Kawasaki présente une évolution de l’un des best sellers de sa gamme, sous la forme d’une Z 650 S. « S » pour plus de Sport ou pour plus de Souplesse, de Sensations ou de Surprises? Nous sommes allés la tester dans les alentours de Girona, Espagne.

La Z 650 est un roadster de moyenne cylindrée, qui est une valeur sûre dans la gamme Kawasaki – un best seller. Dans cette catégorie toujours plus compétitive, le constructeur introduit pour 2026 la Z 650 S, une variante plus Sugomi, plus stylée, plus aggressive de la Z 650.

Nous avons pu tester cette nouvelle venue durant une pleine journée dans la région de Girona, sur la Costa Brava (Espagne), avec une question en tête: le plumage vaut-il le ramage ?

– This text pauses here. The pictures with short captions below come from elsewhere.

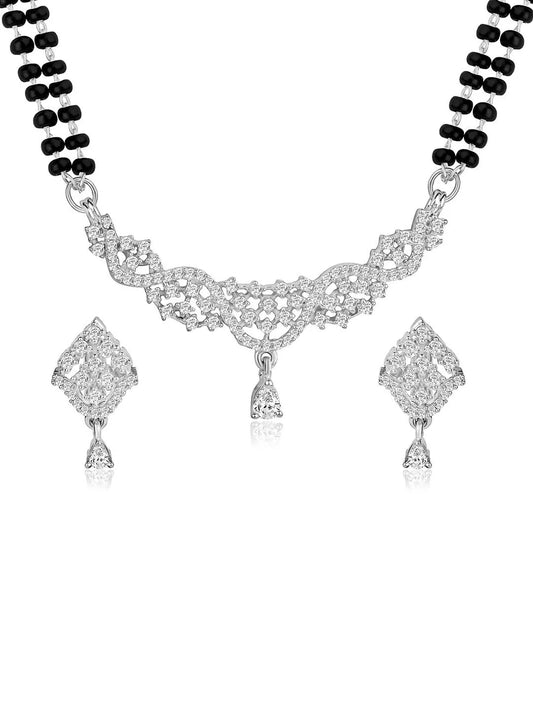 CZ Mangalsutra Set | Elegant & Sparkling Designs by Peora

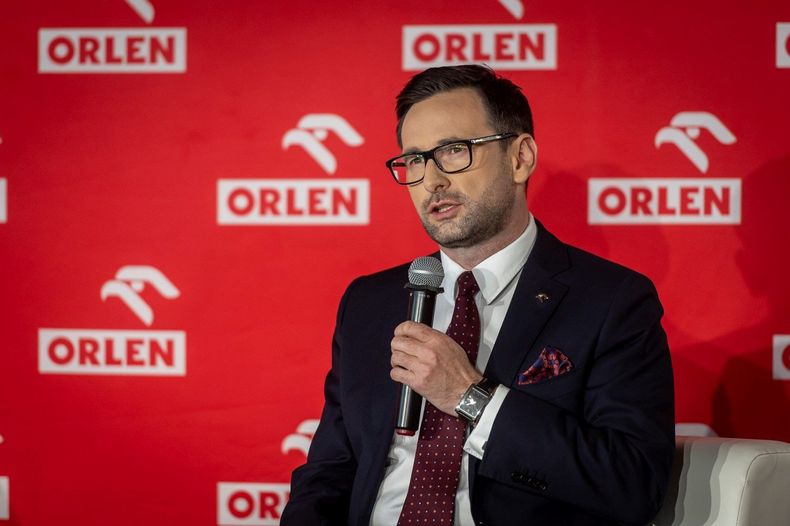 Daniel Obajtek, presidente del gigante petrolero polaco PKN Orlen.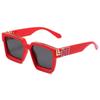 Tendencia de moda europea y americana, gafas de sol con montura grande, modelo de rayas verdes, mismas gafas de sol, comercio exterior transfronterizo, gafas de exhibición callejera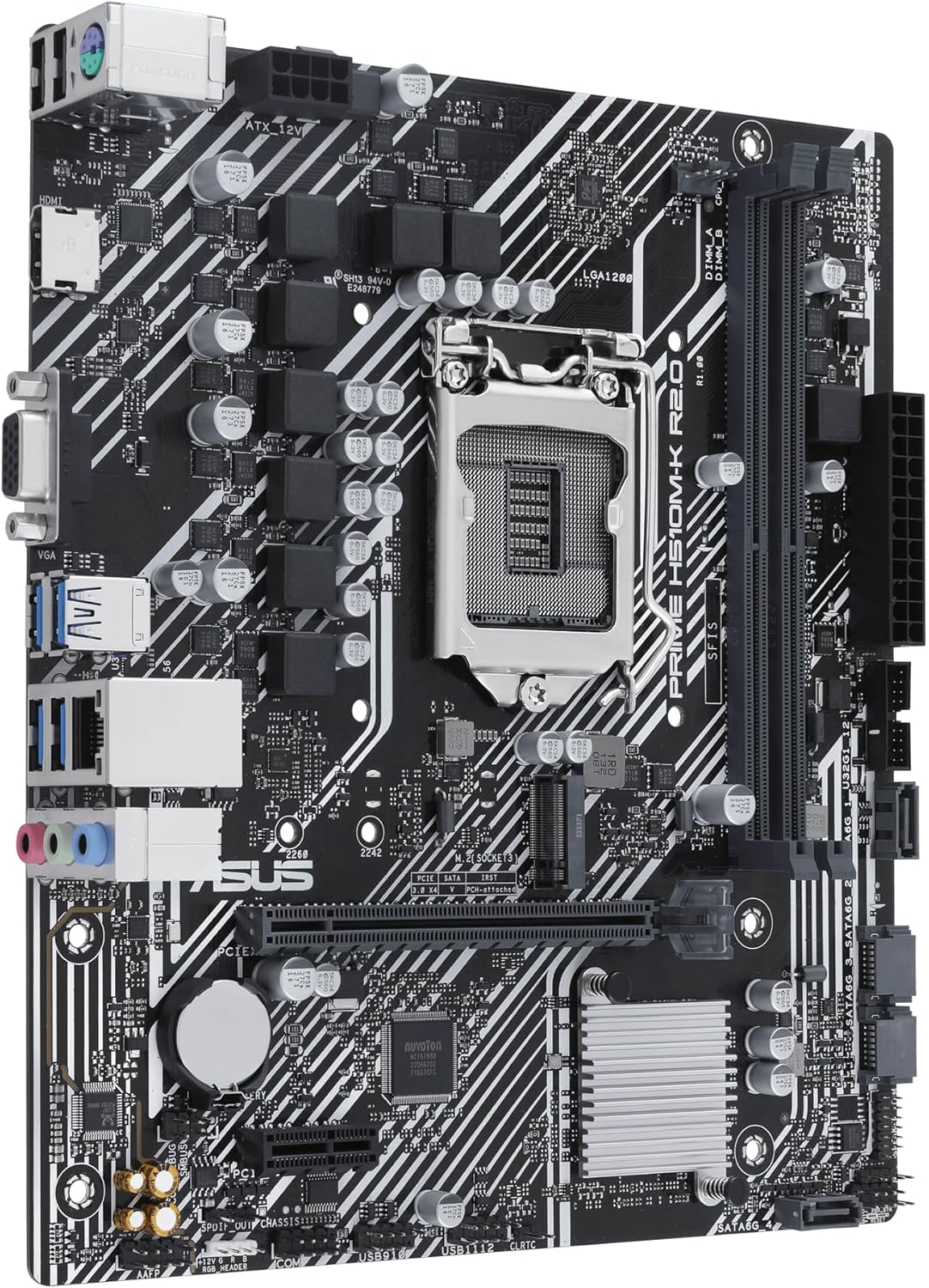 ASUS Prime H510M-K R2.0 Scheda Madre LGA1200 DDR4 PCIe 4.0 mATX - Nuova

Girona, nous y re-revoilà! C’est à croire qu’on s’était donné rendez-vous dans six ans, (presque) même jour, et (presque) même heure et (presque) même moment. Et nous voilà, six ans plus tard (lire notre essai de 2020), au même endroit, dans les environs de Girona, pas loin de Barcelone.

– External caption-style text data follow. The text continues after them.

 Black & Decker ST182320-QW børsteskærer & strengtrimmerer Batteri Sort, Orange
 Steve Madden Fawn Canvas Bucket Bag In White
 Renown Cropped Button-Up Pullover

Et l’on savoure les retrouvailles avec le chant, le grognement sympa, la chanson du bicylindre qui, lui, n’a pas changé…

Z 650S
Les 3 coloris disponibles en Suisse: un superbe noir et or que nous avons eu en essai (Metallic Matte Graphenesteel Gray and Metallic Flat Spark Black), un vert avec châssis noir (Candy Lime Green and Metallic Carbon Gray) ou tout noir (Ebony and Metallic Carbon Gray).

Pour 2026, Kawasaki renouvelle donc un de ses best sellers et la met à jour sous la forme d’une Z 650 S. Bien sûr, dans l’inconscient collectif motocycliste, rajouter un « S » à la nomenclature implique souvent d’avoir un petit « pluS », et souvent c’est pour plus de Sportivité, plus de Sensations, de Surprises voire d’excluSivité.

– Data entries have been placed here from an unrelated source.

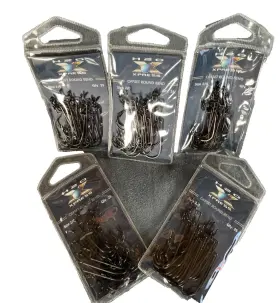 H2o Xpress 400202156954 Lot Of 5 Packs. Offset Round Bend Hook. Size 2/0. 25 In Pack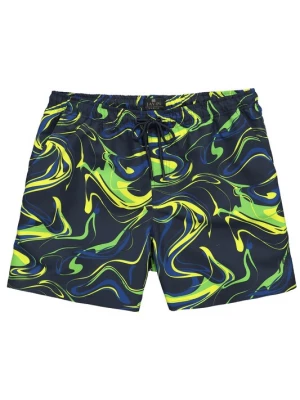 Foto van product JAY-PI Zwemshorts navy / geel / grasgroen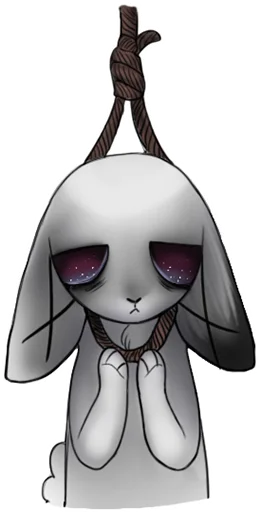 ☠️ Стикер «weird bunny» для Telegram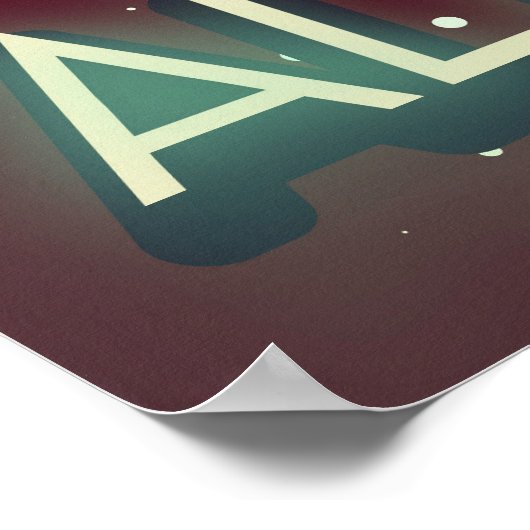 Affiche d'art spatial Alpha Centauri (Coin)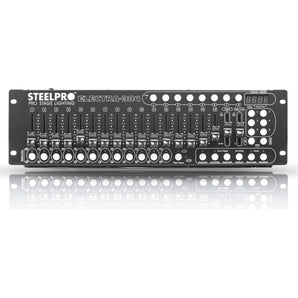 Controlador Dj Dmx 384 Canales Electra 384 By Steelpro Color Negro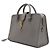 Saint Laurent Piccola borsa tote e borsa a tracolla Gray Monogram Marrone - vista 2
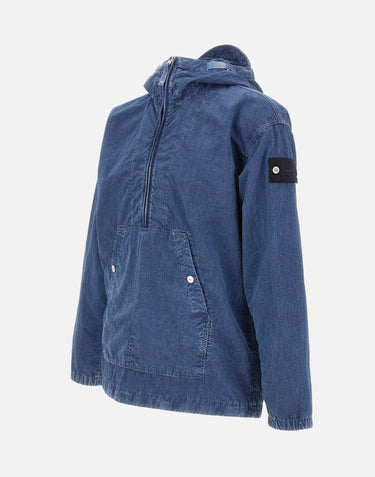 Giacca effetto denim con cappuccio 4100005S0J19 V0021 STONE ISLAND 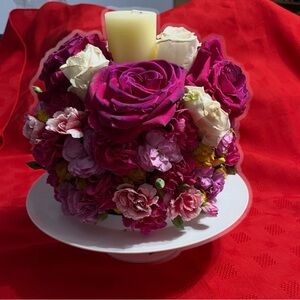 Celebration Cake Bouquet Featuring a Variety of Florals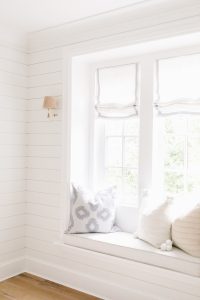 shiplap wall and window seat
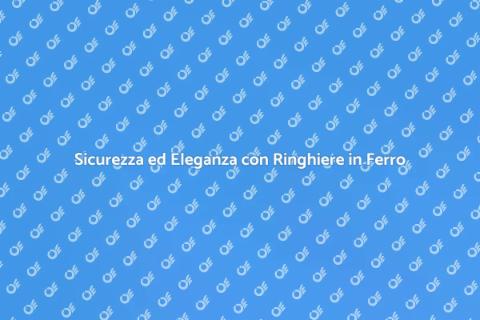 Ringhiere in Ferro Satinato: Stile e Sicurezza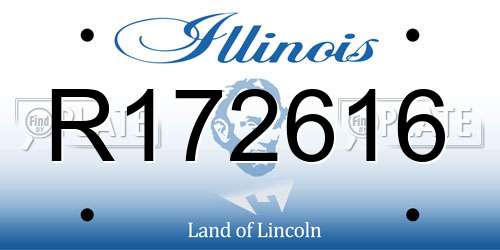 R172616 Illinois License Plate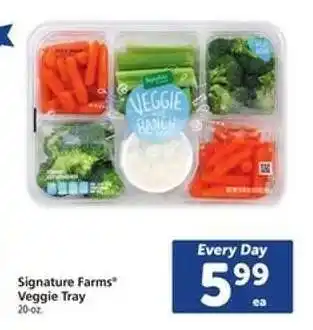 Safeway Signature Farms Veggie Tray offer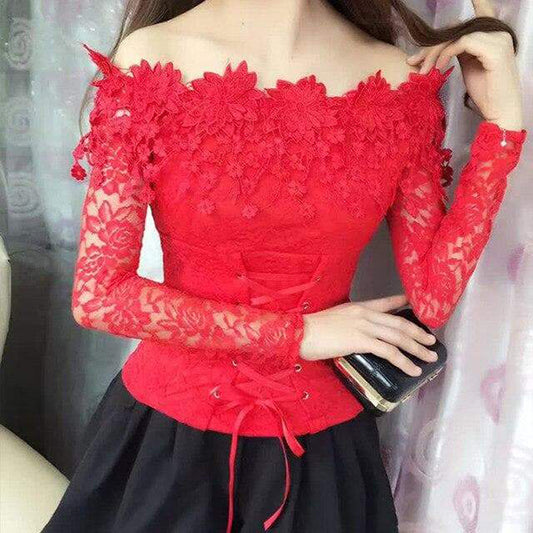 Pixie Lace Sexy Blouse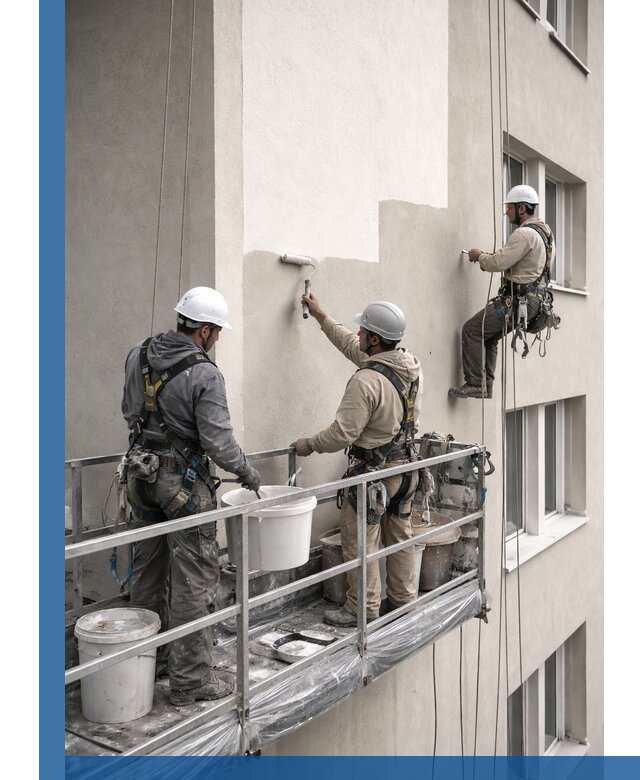 Покраска оштукатуренного фасада в Боровичах под ключ с гарантией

Nous allons voir ce qu’il en est exactement avec cette Z 650S. La Z 650 reste bien sûr au catalogue Kawasaki pour 2026 (lire notre présentation), et les deux modèles sont également disponibles en A2 (35 kW).

Z 650S
Les routes du littoral vers Sant Feliu de Guixols, Costa Brava. La falaise et les murs d’un côté, la Méditerranée et les criques en contre-bas. Et entre des barrières de sécurité non doublées – Juste ne pas se rater.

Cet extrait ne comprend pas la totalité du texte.